Photo by Madalyn Wood

Photo by Madalyn Wood

[Note: Hometown City Girl is a diary of sorts; a collection of my stories, experiences, and trials of growing up in a small town in Southeast Ohio along the river dreaming of living in the city and then moving there and realizing I don’t quite fit in either place. Parts of me are a little too “country” for Columbus, and parts of me are a little too “city” for the people I know down home. It’s an interesting balance but it makes every experience interesting trying to figure out what role I fit into.]

It’s no secret the Ohio River has played a bigger part in everyone’s lives in Meigs County this week than it normally does with the huge amount of flooding the area has faced.
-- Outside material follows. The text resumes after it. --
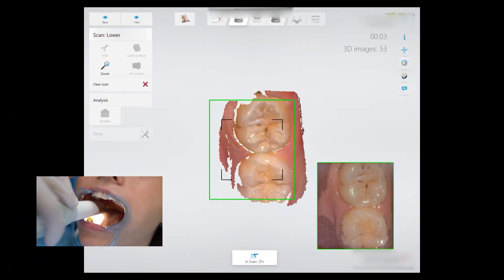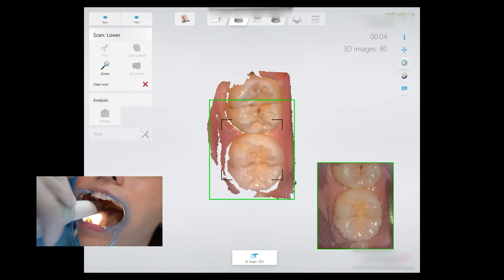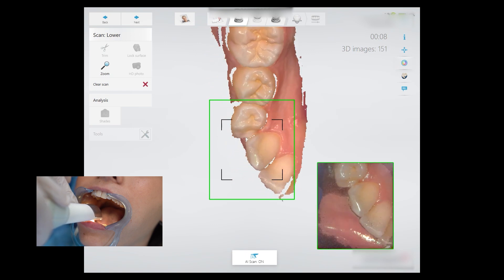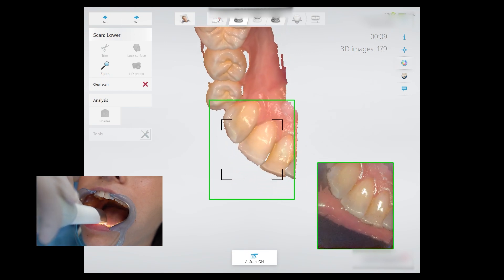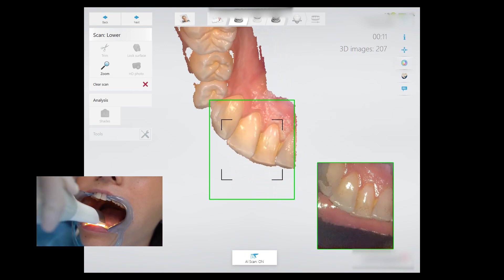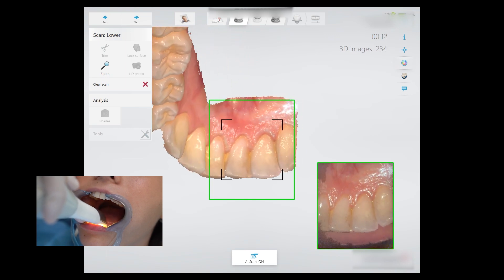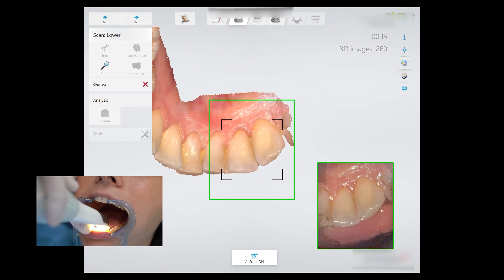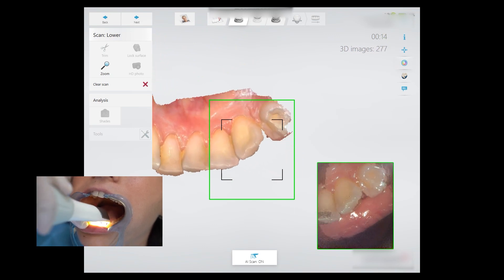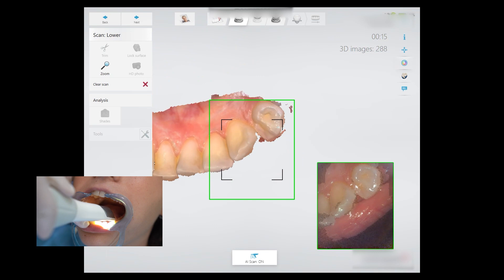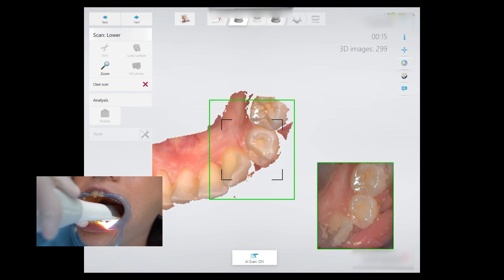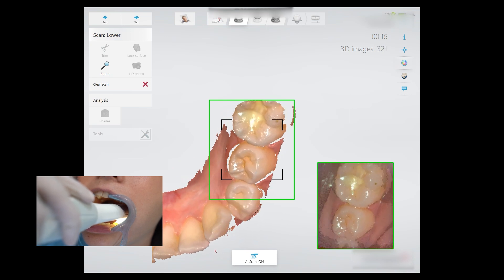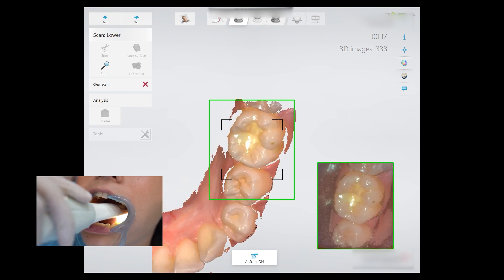When you capture the occlusal surface of the terminal molar, move toward the bicuspid on the same side while scanning the occlusal surfaces of molars and premolars. When you reach the bicuspid, tilt the scanner slightly lingual and scan the lingual surfaces of anterior teeth until you reach the contralateral bicuspid, then move the tip back to the occlusal surface and scan steadily toward the terminal molar, covering the occlusal surfaces of premolars and molars.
The power of nature is amazing – but what’s even more amazing is the sense of community that comes to the area when things like this happen. Even living up in Columbus the willingness to help a fellow neighbor has not been lost on me, I’ve witnessed the great power the area has when they come together.
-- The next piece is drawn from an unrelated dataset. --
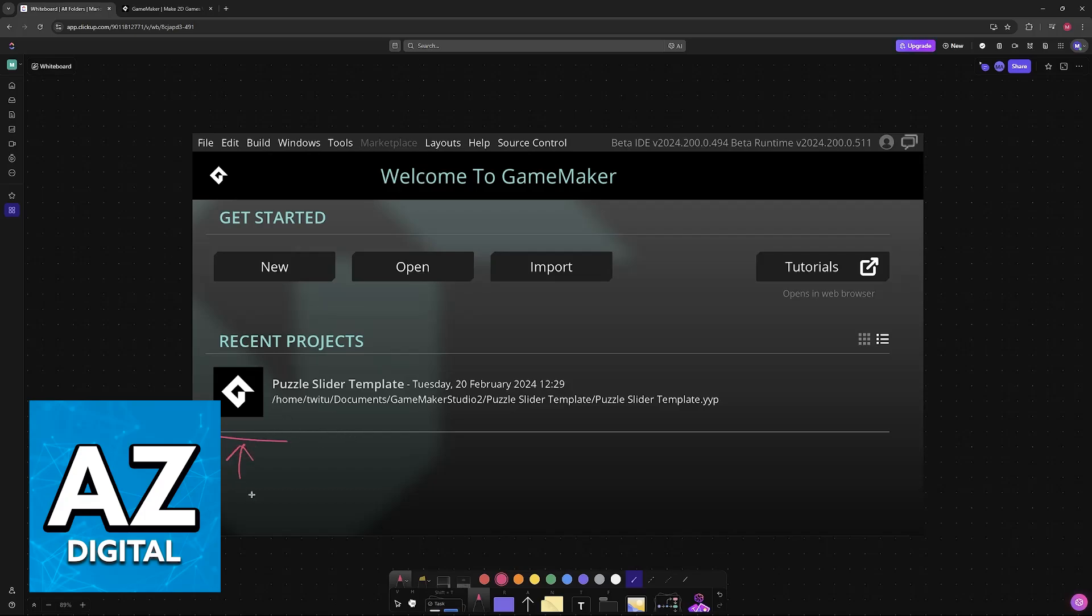So basically, in order to delete your project, the first thing that you have to do is locate the actual project file. If you notice that it doesn't appear under Recent Projects, then you will have to find the file locally available on your computer.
Growing up in Meigs County I quickly learned when something happened in the area that affected a group of people, everyone was ready to lend a helping hand in anyway they could. Acts of kindness and generosity in these times were never turned away, big or small.

One seemingly small and simple gesture like this I witnessed recently was one of my coworkers had a death in their family. She comes from an area that’s not too different from Meigs, so when her community attended the services, they came with food in hand. Specifically she had too many chicken noodles for her family to eat on her own so she had brought some to have some of us take them home. I brought them home and when my boyfriend asked where they came from and I explained, he acted like it was one of the weirdest things he had ever heard. He couldn’t understand why you would bring someone who just lost their family food. I explained it was just what you did, and you certainly never turned down anyone’s homemade noodles if you were offered them. This idea that during a time of grief like this that there are communities that don’t come together never even occurred to me, and even bothered me some. When something like that happens you just sit down as a community, have a big meal, and a few laughs about some memories from the past, it’s just what you do.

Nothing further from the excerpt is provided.